(ACTION ITEM): Everything from the line with "Elouera Tower Aparthotel" to the end of the entries should be copied exactly, and nothing else.

(INPUT RECORDS):

'''

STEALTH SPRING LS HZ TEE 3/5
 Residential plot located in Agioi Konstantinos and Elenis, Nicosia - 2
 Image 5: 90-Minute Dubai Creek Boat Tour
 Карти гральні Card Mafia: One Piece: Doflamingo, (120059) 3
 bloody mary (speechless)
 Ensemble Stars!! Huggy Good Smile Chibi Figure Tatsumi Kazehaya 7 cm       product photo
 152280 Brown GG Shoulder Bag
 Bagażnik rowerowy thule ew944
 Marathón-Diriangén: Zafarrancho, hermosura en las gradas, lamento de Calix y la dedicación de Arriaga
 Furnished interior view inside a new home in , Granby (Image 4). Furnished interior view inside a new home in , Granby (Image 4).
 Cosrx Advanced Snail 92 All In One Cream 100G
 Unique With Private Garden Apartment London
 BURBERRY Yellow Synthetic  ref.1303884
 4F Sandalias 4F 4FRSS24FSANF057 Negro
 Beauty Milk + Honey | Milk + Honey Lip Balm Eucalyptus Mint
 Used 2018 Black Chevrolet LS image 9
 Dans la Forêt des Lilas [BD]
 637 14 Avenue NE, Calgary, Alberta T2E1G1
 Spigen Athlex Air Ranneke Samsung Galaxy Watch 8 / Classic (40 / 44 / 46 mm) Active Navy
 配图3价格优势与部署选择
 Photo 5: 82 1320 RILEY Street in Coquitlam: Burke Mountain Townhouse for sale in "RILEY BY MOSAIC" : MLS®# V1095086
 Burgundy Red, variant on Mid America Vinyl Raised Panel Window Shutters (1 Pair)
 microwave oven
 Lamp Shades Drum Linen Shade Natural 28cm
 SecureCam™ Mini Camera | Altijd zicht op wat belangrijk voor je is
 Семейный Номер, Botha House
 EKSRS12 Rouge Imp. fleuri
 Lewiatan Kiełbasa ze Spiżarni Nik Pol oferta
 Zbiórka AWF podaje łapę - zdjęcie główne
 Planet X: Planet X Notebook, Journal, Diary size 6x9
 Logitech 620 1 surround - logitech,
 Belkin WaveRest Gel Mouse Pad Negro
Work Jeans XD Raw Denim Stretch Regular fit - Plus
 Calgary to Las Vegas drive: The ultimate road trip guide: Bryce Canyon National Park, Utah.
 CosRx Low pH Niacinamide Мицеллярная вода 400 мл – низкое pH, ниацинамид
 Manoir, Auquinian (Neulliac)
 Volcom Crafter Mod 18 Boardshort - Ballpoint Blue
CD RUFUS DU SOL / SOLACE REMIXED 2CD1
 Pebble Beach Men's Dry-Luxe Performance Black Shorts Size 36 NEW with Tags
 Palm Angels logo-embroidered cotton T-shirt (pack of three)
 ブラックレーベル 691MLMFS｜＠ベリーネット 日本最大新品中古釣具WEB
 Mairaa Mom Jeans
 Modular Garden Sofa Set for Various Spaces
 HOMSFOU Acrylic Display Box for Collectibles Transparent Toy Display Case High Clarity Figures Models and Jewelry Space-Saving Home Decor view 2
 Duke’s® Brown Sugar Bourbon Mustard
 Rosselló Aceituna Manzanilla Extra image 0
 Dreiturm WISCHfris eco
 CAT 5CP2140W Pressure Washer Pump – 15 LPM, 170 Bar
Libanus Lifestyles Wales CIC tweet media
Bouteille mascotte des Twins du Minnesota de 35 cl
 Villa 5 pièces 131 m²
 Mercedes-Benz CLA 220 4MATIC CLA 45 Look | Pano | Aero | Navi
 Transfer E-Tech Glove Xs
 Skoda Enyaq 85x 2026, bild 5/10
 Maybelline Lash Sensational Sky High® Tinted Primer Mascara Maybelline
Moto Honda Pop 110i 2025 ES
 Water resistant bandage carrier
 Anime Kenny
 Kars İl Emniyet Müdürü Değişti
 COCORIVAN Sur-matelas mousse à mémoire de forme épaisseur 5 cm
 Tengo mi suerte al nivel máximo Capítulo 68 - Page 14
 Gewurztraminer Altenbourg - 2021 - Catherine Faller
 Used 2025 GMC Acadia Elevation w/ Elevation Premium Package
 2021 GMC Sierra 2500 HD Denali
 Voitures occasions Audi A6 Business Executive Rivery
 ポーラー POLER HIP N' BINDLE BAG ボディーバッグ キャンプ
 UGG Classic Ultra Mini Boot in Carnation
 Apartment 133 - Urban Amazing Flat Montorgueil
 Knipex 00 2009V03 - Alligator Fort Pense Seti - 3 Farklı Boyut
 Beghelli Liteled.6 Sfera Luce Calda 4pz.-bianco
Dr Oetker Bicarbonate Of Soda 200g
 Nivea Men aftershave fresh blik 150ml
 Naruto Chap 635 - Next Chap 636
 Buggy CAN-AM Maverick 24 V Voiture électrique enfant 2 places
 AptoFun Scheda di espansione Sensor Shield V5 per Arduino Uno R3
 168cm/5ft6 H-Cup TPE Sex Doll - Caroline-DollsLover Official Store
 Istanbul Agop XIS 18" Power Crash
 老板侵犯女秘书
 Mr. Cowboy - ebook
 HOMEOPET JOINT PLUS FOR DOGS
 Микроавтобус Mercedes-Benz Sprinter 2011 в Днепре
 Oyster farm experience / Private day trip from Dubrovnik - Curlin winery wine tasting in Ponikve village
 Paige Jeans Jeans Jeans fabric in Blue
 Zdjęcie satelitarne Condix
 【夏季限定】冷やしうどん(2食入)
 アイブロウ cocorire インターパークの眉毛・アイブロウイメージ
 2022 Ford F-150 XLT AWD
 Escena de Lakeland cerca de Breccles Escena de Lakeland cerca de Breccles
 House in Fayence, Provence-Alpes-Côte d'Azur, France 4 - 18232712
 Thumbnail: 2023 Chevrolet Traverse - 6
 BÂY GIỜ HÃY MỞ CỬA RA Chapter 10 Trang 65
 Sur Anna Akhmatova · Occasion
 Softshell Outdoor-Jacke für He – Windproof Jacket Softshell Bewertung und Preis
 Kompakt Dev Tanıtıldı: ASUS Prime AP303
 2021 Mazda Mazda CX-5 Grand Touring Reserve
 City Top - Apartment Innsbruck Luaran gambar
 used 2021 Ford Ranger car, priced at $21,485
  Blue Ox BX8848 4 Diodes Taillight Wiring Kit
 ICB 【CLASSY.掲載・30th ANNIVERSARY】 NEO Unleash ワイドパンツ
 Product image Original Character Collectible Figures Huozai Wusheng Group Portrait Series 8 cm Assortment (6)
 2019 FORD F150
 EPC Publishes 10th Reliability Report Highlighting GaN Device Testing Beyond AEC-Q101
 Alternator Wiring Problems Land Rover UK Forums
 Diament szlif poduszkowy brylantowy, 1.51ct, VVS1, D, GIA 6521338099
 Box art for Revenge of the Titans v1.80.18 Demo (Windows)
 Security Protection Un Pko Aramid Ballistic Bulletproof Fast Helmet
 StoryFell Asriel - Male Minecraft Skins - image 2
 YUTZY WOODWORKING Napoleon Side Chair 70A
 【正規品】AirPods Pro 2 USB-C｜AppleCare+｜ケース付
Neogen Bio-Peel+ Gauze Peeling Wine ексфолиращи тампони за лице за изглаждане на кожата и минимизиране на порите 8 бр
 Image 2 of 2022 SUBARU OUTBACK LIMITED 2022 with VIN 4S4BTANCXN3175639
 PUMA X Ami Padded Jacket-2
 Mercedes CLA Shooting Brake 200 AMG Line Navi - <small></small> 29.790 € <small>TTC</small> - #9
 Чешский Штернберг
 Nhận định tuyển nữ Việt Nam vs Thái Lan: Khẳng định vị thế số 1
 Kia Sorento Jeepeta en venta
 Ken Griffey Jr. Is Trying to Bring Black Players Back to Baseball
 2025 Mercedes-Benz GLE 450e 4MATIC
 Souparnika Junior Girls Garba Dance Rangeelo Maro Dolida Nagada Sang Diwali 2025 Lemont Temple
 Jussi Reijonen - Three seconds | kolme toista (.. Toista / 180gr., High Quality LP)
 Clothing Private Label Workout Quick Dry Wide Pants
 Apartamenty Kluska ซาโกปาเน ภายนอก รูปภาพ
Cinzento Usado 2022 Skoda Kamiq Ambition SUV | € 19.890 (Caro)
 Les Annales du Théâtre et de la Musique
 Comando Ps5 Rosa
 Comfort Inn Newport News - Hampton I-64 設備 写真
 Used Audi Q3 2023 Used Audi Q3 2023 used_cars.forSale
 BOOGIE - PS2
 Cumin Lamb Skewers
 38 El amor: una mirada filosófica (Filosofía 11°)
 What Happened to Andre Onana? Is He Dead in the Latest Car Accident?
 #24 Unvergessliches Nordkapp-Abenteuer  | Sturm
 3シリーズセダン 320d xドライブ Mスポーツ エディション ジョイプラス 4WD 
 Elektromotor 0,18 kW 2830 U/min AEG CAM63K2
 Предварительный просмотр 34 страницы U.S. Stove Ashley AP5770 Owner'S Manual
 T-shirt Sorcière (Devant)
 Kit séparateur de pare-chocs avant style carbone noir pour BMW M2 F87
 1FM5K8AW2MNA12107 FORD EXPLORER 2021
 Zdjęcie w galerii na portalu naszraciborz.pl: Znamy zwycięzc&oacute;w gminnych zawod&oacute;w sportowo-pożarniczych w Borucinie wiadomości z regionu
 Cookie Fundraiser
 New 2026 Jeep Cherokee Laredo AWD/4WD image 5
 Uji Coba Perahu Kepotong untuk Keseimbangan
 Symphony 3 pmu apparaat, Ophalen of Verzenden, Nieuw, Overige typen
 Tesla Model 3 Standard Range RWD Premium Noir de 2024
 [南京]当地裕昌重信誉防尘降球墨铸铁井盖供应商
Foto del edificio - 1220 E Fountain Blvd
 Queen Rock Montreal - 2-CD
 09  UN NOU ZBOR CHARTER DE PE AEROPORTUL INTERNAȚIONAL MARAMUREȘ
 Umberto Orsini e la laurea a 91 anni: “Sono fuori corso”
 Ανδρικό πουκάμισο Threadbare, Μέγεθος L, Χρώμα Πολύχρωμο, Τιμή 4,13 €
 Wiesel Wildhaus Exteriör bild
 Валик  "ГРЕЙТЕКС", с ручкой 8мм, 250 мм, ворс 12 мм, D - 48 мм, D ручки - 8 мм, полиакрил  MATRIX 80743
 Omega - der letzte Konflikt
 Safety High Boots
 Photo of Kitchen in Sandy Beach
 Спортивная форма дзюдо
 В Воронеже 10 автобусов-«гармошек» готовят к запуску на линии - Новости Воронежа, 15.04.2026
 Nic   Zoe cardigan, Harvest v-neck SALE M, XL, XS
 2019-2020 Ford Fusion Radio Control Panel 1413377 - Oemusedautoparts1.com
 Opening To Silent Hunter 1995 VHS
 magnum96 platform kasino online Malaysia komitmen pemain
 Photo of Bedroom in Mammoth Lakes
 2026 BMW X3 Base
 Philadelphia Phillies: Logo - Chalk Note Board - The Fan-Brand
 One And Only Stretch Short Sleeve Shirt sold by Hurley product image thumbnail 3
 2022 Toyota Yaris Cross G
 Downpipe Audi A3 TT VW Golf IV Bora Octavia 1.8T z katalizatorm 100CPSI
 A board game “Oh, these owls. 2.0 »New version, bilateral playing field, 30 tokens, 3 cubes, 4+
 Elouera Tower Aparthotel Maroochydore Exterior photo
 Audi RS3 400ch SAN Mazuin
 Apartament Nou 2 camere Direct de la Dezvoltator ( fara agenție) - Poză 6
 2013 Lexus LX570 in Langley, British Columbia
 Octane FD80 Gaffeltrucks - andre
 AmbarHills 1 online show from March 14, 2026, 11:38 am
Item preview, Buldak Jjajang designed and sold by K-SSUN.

'''

(TASK SOLUTION):
 Elouera Tower Aparthotel Maroochydore Exterior photo
 Audi RS3 400ch SAN Mazuin
 Apartament Nou 2 camere Direct de la Dezvoltator ( fara agenție) - Poză 6
 2013 Lexus LX570 in Langley, British Columbia
 Octane FD80 Gaffeltrucks - andre
 AmbarHills 1 online show from March 14, 2026, 11:38 am
Item preview, Buldak Jjajang designed and sold by K-SSUN.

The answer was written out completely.